DAG Run

Stitching the DAG tasks together

Finally Specify task dependencies.

# set the dependencies between tasks
s3_sensor >> preprocess_task >> train_model_task >> batch_transform_task

That brings us to the end of the DAG definition. We can put together all the steps into a individual DAG file ml_pipeline.py and copy the script along with the config.py and the preprocess.py code/files into the s3://airflow-yourname-bucket/dags folder.

Once the script is deployed, it can be viewed from the Airflow UI within in a minute or so.


Data Pipeline in Action

The DAG will be initially set to disabled state by default. Enable the DAG using the On/Off toggle button to be picked up by the scheduler. We can also trigger the DAG manually.

To trigger the DAG, click on the play button shown below, and in the next page choose Trigger.

The Airflow DAG will now wait for the files to arrive in S3 in the path s3://airflow-yourname-bucket/raw/.

To initiate the DAG run,

  1. Go to S3 Console
  2. Click on your bucket created for the workshop
  3. Click on Create folder
  4. Enter raw for the Folder name, and click on Create folder
  5. Copy over the train_1.csv file into the S3 BUCKET folder - s3://airflow-yourname-bucket/raw/ created above.

Once the file is copied into the folder, the s3_sensor task will move to complete, and the execution will be passed over to the next set of tasks in the DAG.

In case the preprocessing airflow task gets triggered before the training file upload is completed, you will see the task being marked as failed. To reset the status, you can click on preprocessing task in the Airflow UI (under Graph View) and click on Clear under Task Actions in the popup window.
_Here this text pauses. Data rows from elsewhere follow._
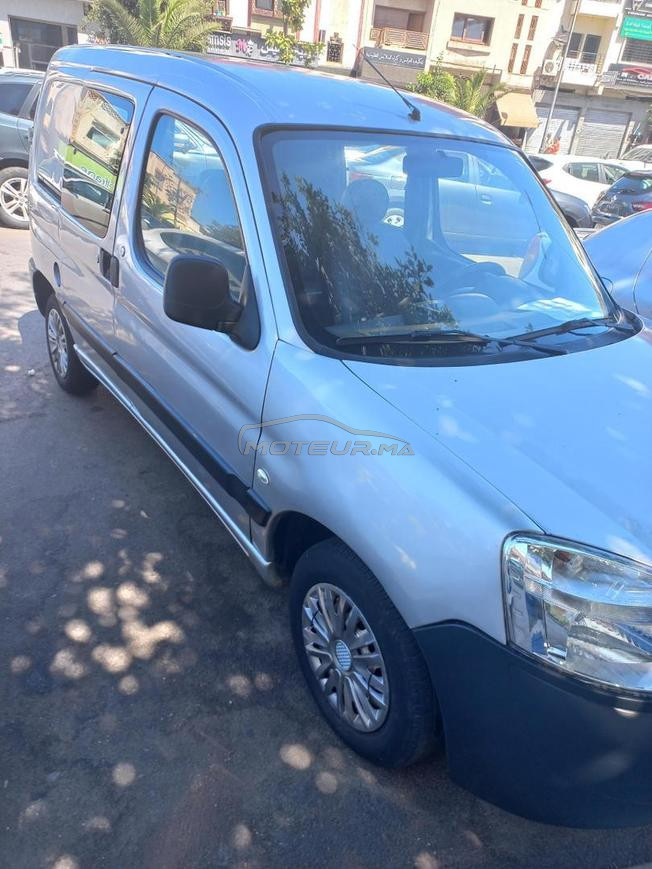 Peugeot partner bon etat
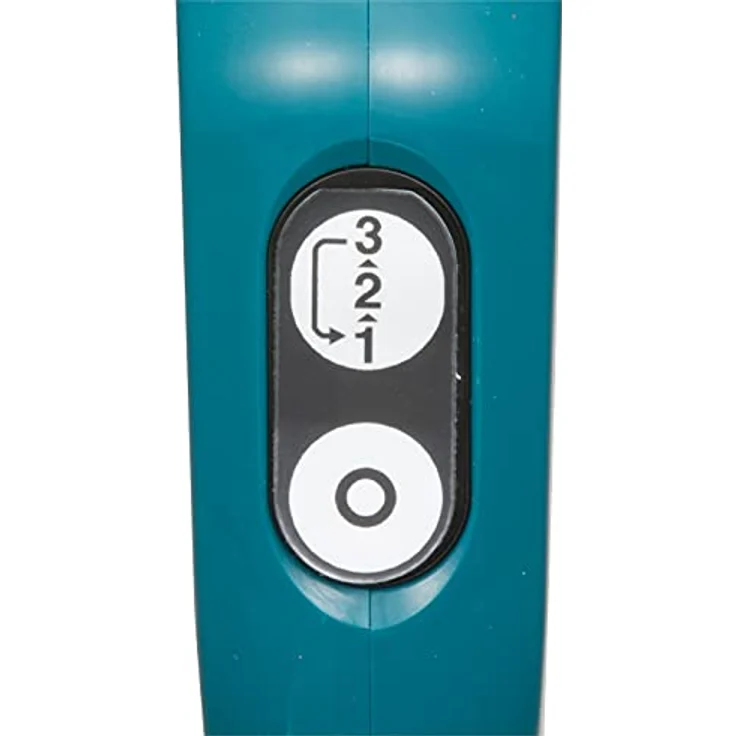 Makita DVC560Z Akku-Staubsauger 2x18V (ohne Akku, ohne Ladegerät) weiß – Bild 4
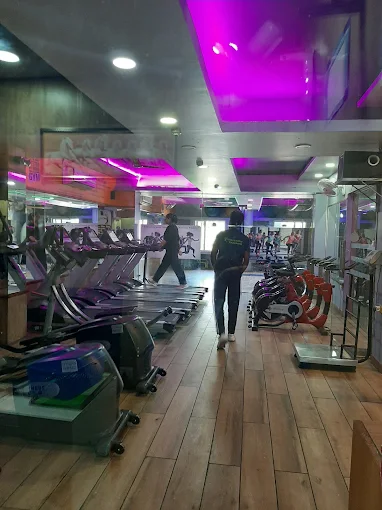 Fitness World Chandigarh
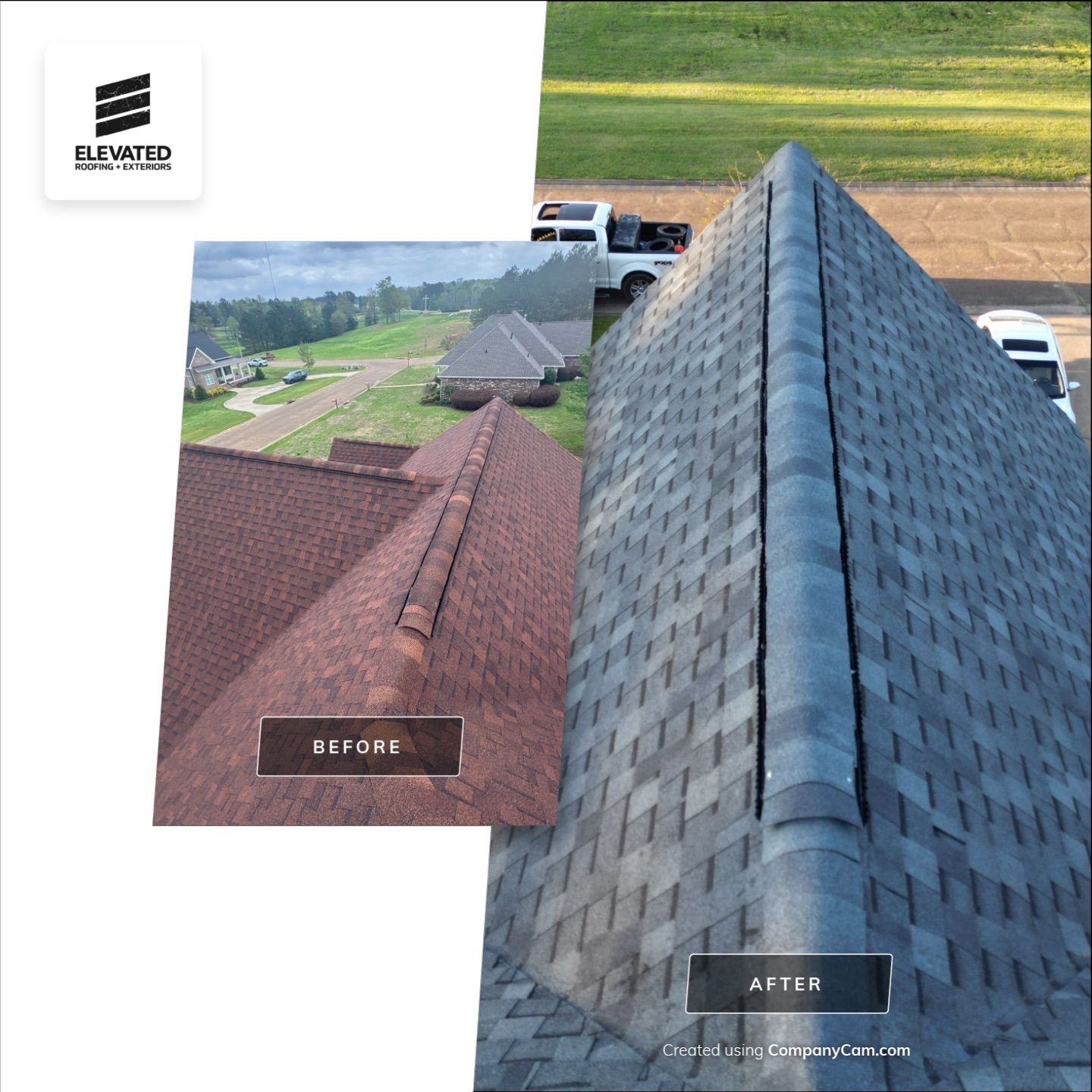 Full Storm Restoration – Roof, Gutters & More | Kosciusko, MS by Elevated Roofing + Exteriors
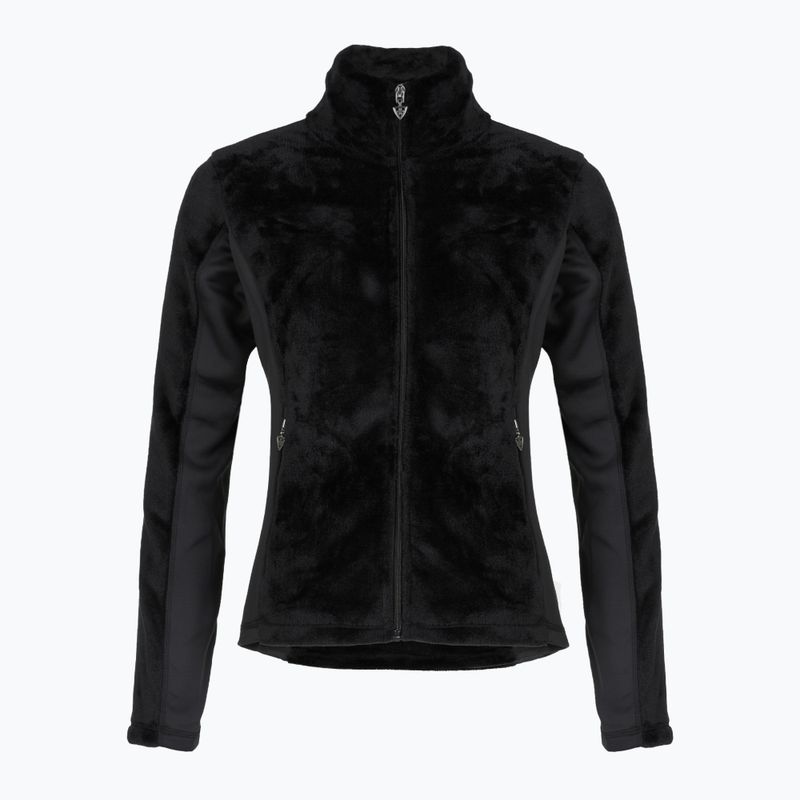 Bluza narciarska damska Kilpi Skathi white 4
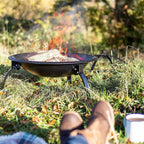 La Hacienda - CAMPING FIREPIT
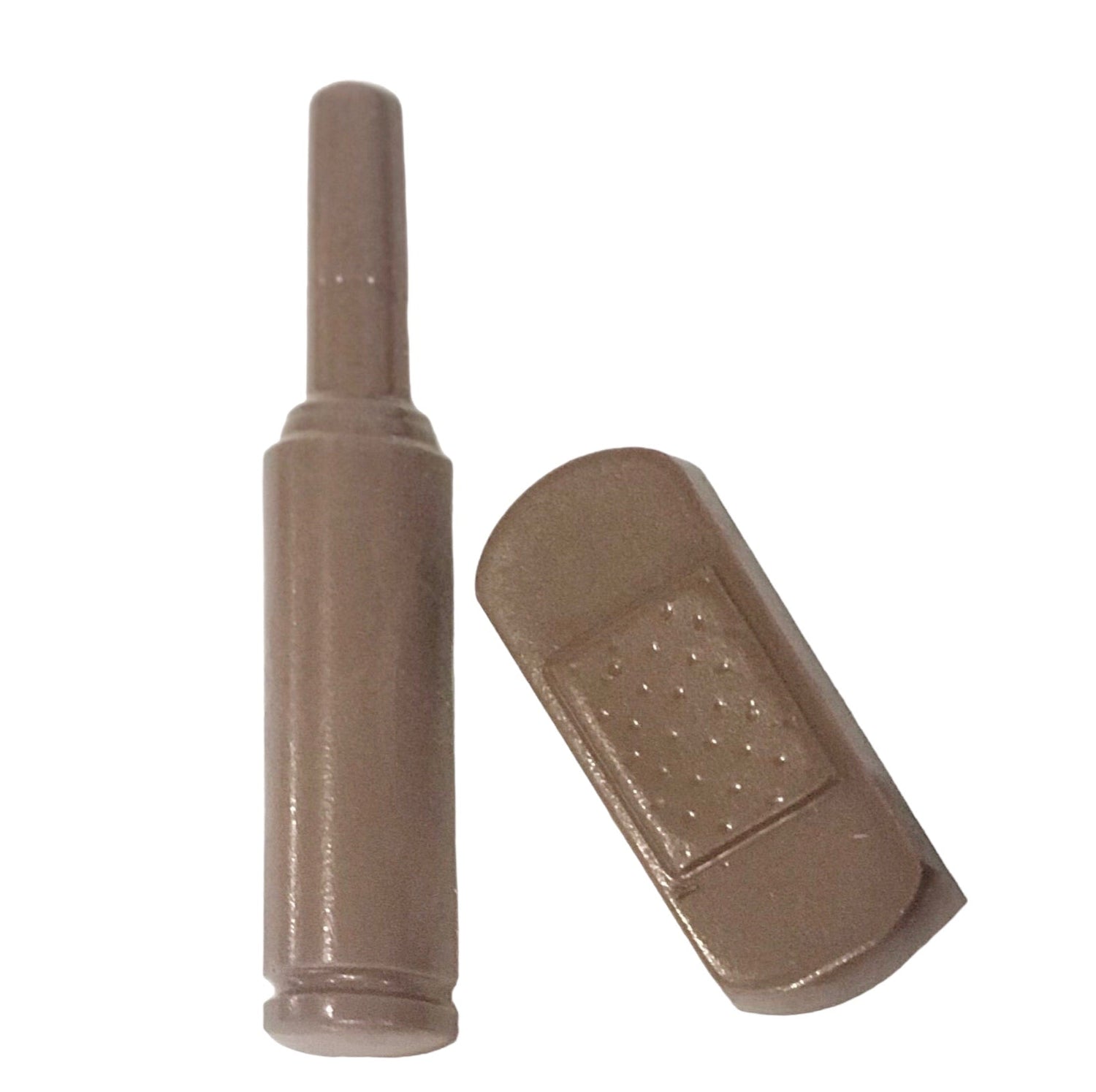 Chocolate Shot and Bandaid - Nandy&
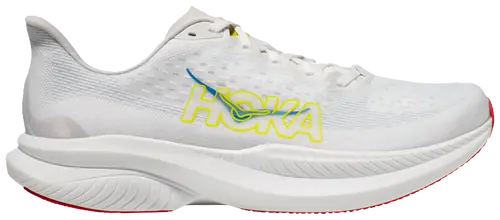 TÊNIS HOKA MACH 6 ' WHITE NIMBUS CLOUD '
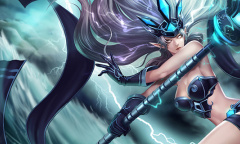 《英雄联盟》12月15日正式服风女削弱介绍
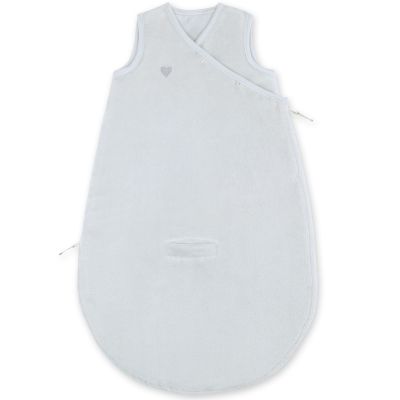 Gigoteuse légère softy Bmini gris plum TOG 1 (60 cm) Bemini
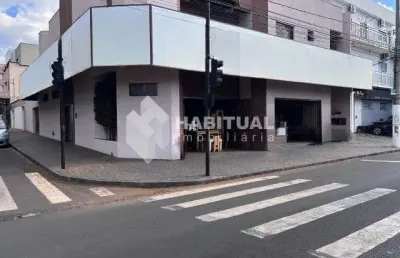 Ponto comercial para alugar no santa mônica, uberlândia  por r$ 12.000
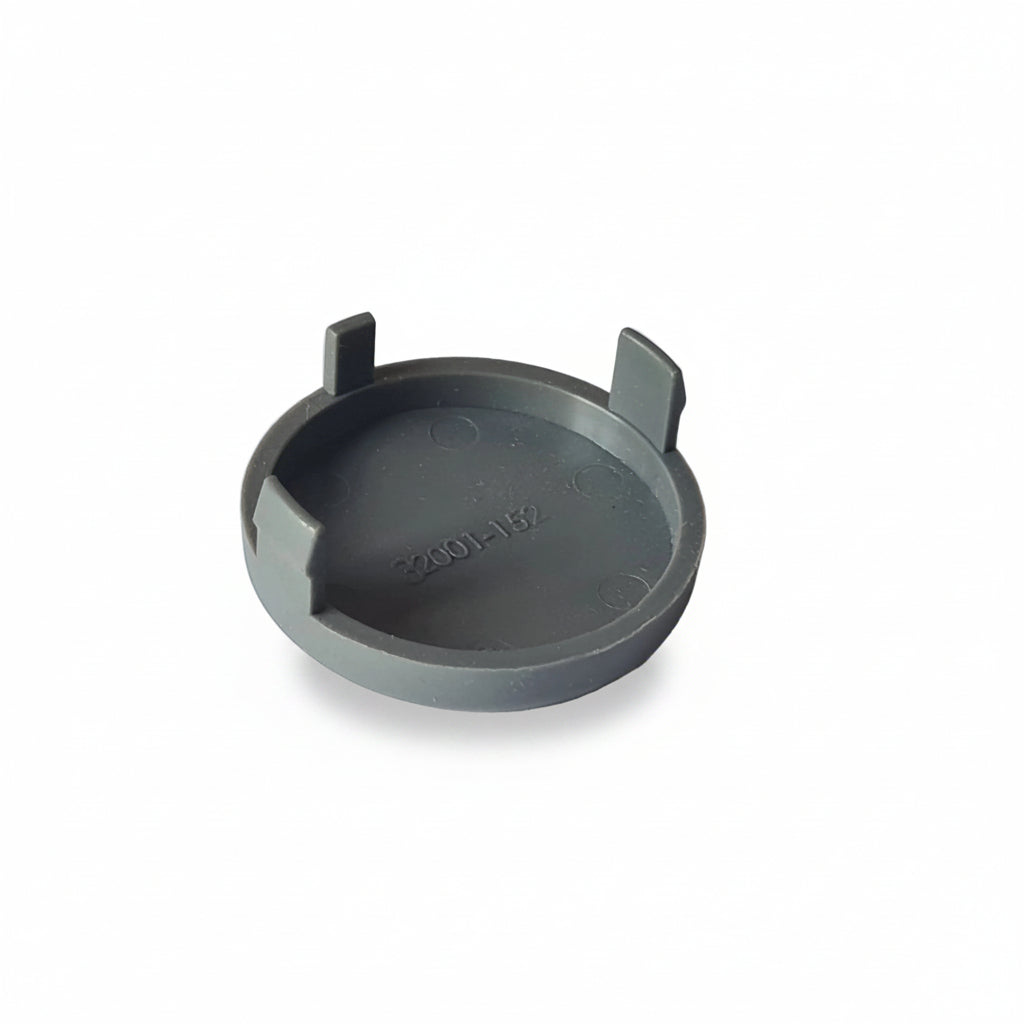 WHEEL CAP SMALL - CHARCOAL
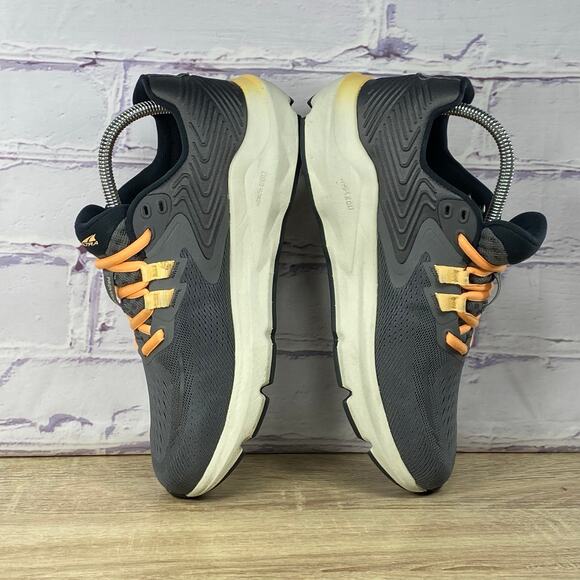Altra Provision 7 Gray Orange Running Shoes Women's Size 9 Athletic Sneakers - Picture 5 of 8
The entire DAG will complete in a few minutes, and during the DAG run you can visit Amazon Sagemaker console to view the Job details -

  • Training Job - Here
  • Transform Job - Here

At the end of the DAG run, the result of the batch transform job will be written into the S3 path - s3://airflow-yourname-bucket/transform/

The trained model will also be deployed to the S3 path s3://airflow-yourname-bucket/xgboost/output/

You can download the result CSV file to look at the predicted values for the fare prices.


Conclusion

In this module, you have seen that building an ML workflow involves quite a bit of preparation but it helps improve the rate of experimentation, engineering productivity, and maintenance of repetitive ML tasks.

Airflow Amazon SageMaker Operators provide a convenient way to build ML workflows and integrate with Amazon SageMaker. You can extend the workflows by customizing the Airflow DAGs with any tasks that better fit your ML workflows, such as feature engineering, creating an ensemble of training models, creating parallel training jobs, and retraining models to adapt to the data distribution changes.